Returns the value of a system environment variable, if it exists.


fn:environment-variable($name as xs:string) as xs:string?


This function is deterministic, context-dependent, and focus-independent. It depends on environment variables.


The set of available environment variables is a set of (name, value) pairs forming part of the dynamic context, in which the name is unique within the set of pairs. The name and value are arbitrary strings.

If the $name argument matches the name of one of these pairs, the function returns the corresponding value.

If there is no environment variable with a matching name, the function returns the empty sequence.

The collation used for matching names is implementation-defined, but must be the same as the collation used to ensure that the names of all environment variables are unique.

The function is deterministic, which means that if it is called several times within the same execution scope, with the same arguments, it must return the same result.


On many platforms, the term "environment variable" has a natural meaning in terms of facilities provided by the operating system. This interpretation of the concept does not exclude other interpretations, such as a mapping to a set of configuration parameters in a database system.

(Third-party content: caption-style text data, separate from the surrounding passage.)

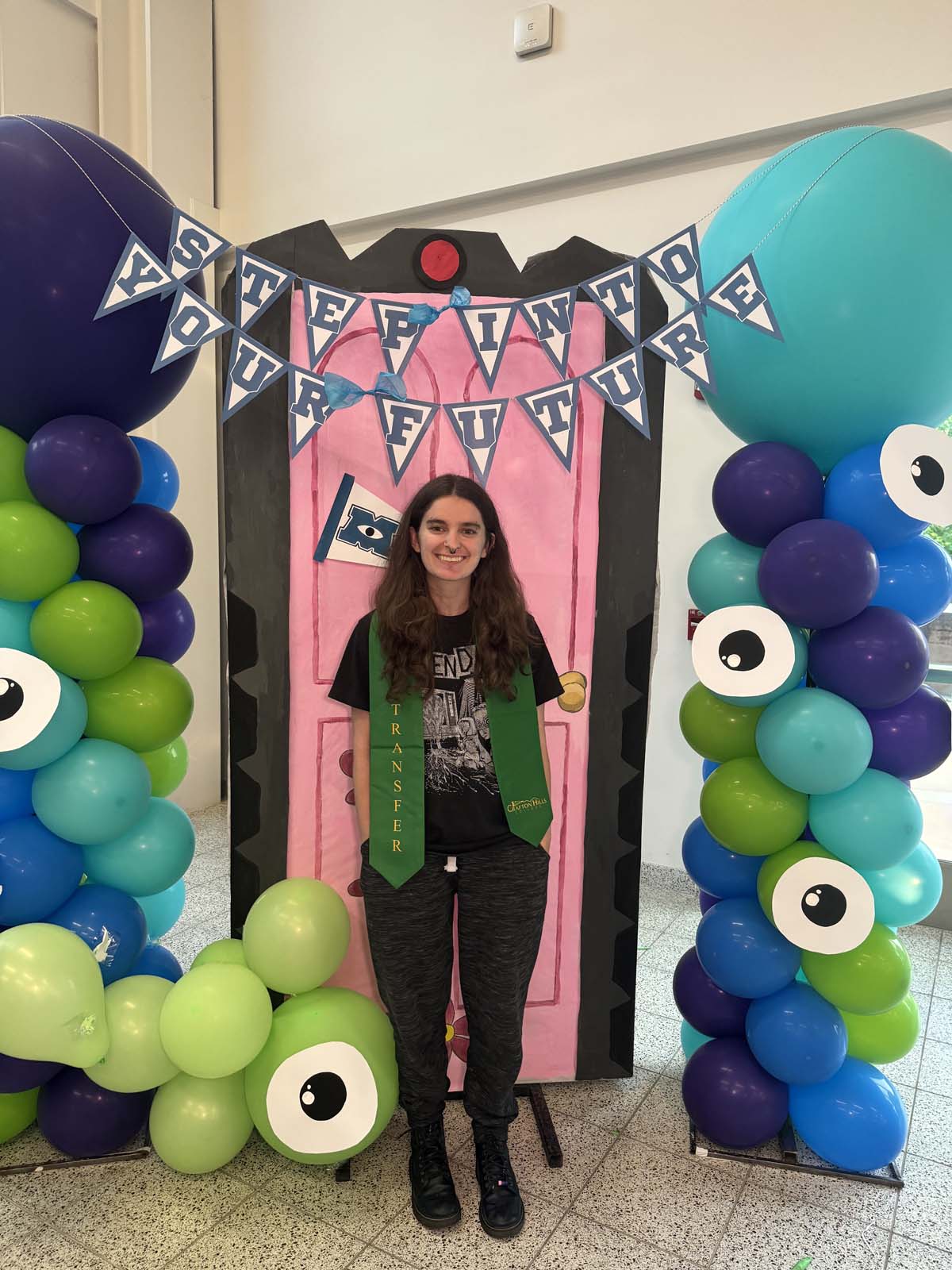 Students attend Transfer Dinner celebration with mascot Ryker.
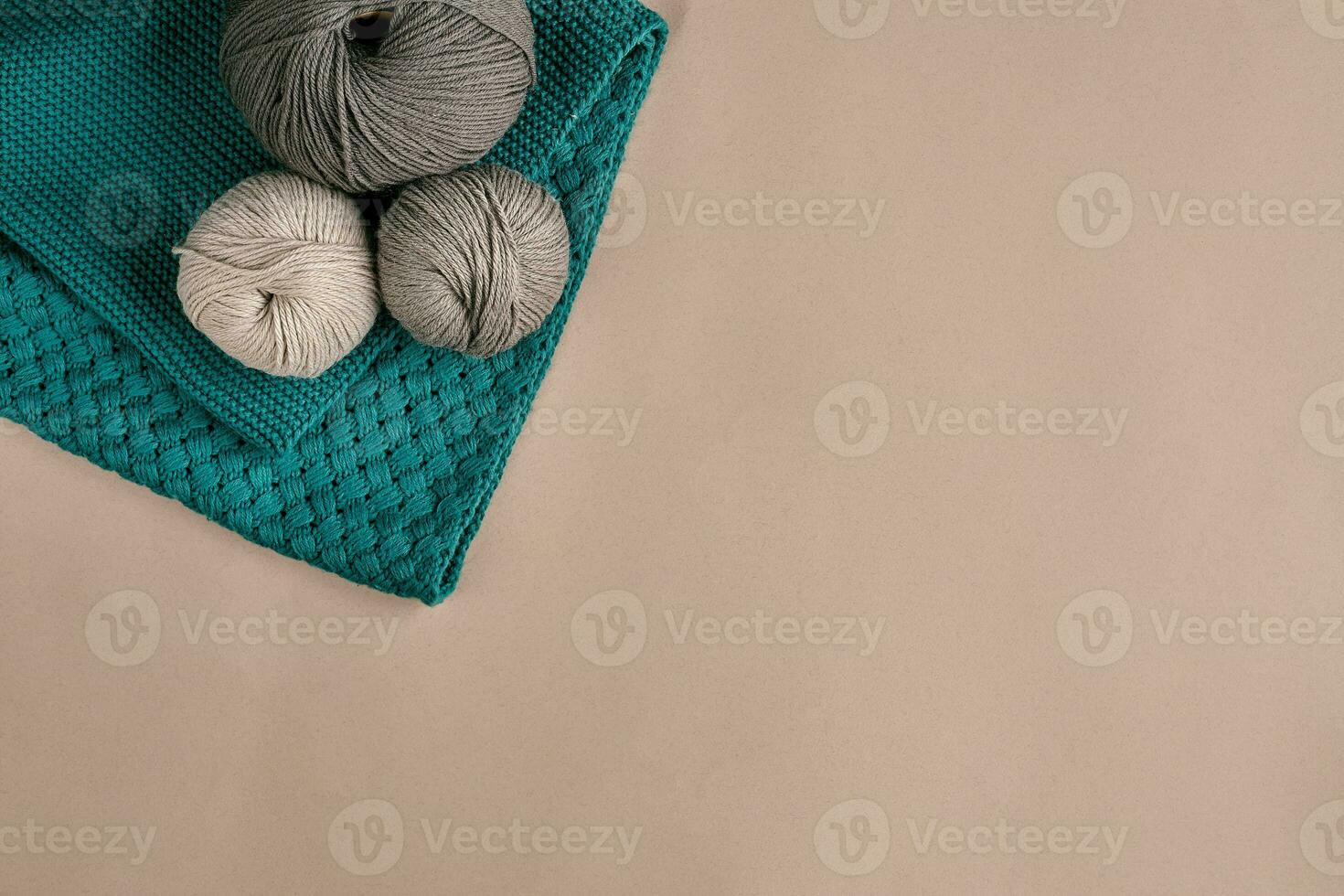 Grey and turquoise knitting wool and knitting needles on beige background. Top view. Copy space photo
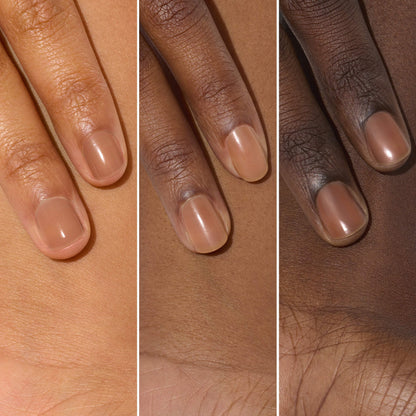 Three hands with varied skin tones display neatly manicured nails painted in Manucurist&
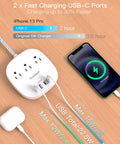 Ultra Thin 10 Foot Flat Plug Power Strip With 3 Outlets And 4 USB Ports Including 2 USB C next to charging smartphone on desk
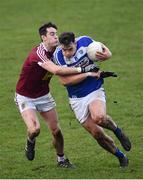 30 December 2017; John O'Loughlin of Laois is tackled by Sam Duncan of Westmeath during the Bord na Móna O’Byrne Cup Group 4 First Round match between Westmeath and Laois at TEG Cusack Park in Westmeath. Photo by Ramsey Cardy/Sportsfile
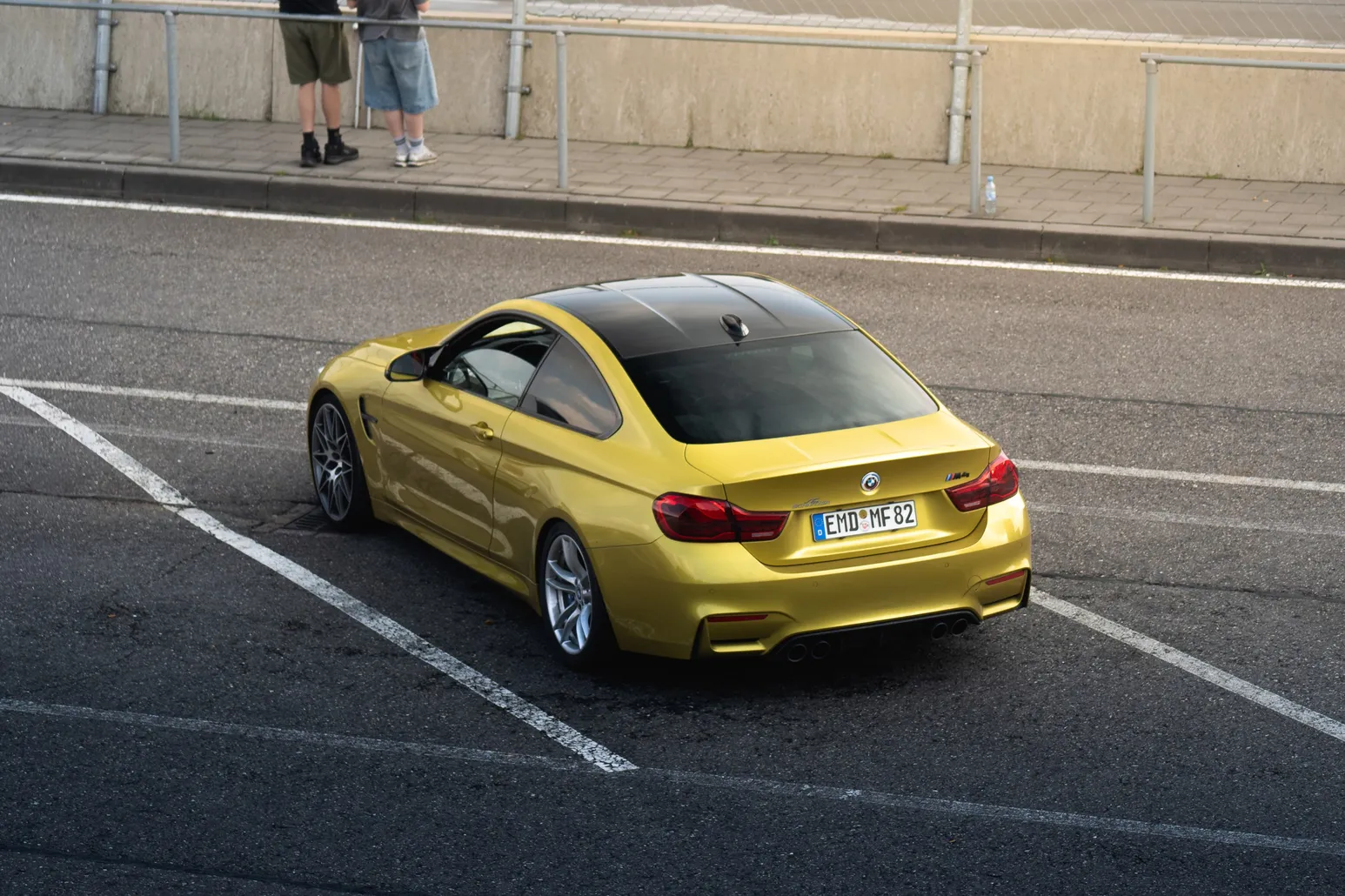 Yellow BMW M4 parked in the paddock, rear view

Environment variable names are usually case sensitive. Names are usually of the form (letter|_) (letter|_|digit)*, but this varies by platform.

On some platforms, there may sometimes be multiple environment variables with the same name; in this case, it is implementation-dependent as to which is returned; see for example [POSIX.1-2008] (Chapter 8, Environment Variables). Implementations may use prefixes or other naming conventions to disambiguate the names.

The requirement to ensure that the function is deterministic means in practice that the implementation must make a snapshot of the environment variables at some time during execution, and return values obtained from this snapshot, rather than using live values that are subject to change at any time.

Operating system environment variables may be associated with a particular process, while queries and stylesheets may execute across multiple processes (or multiple machines). In such circumstances implementations may choose to provide access to the environment variables associated with the process in which the query or stylesheet processing was initiated.

Security advice: Queries from untrusted sources should not be permitted unrestricted access to environment variables. For example, the name of the account under which the query is running may be useful information to a would-be intruder. An implementation may therefore choose to restrict access to the environment, or may provide a facility to make fn:environment-variable always return the empty sequence.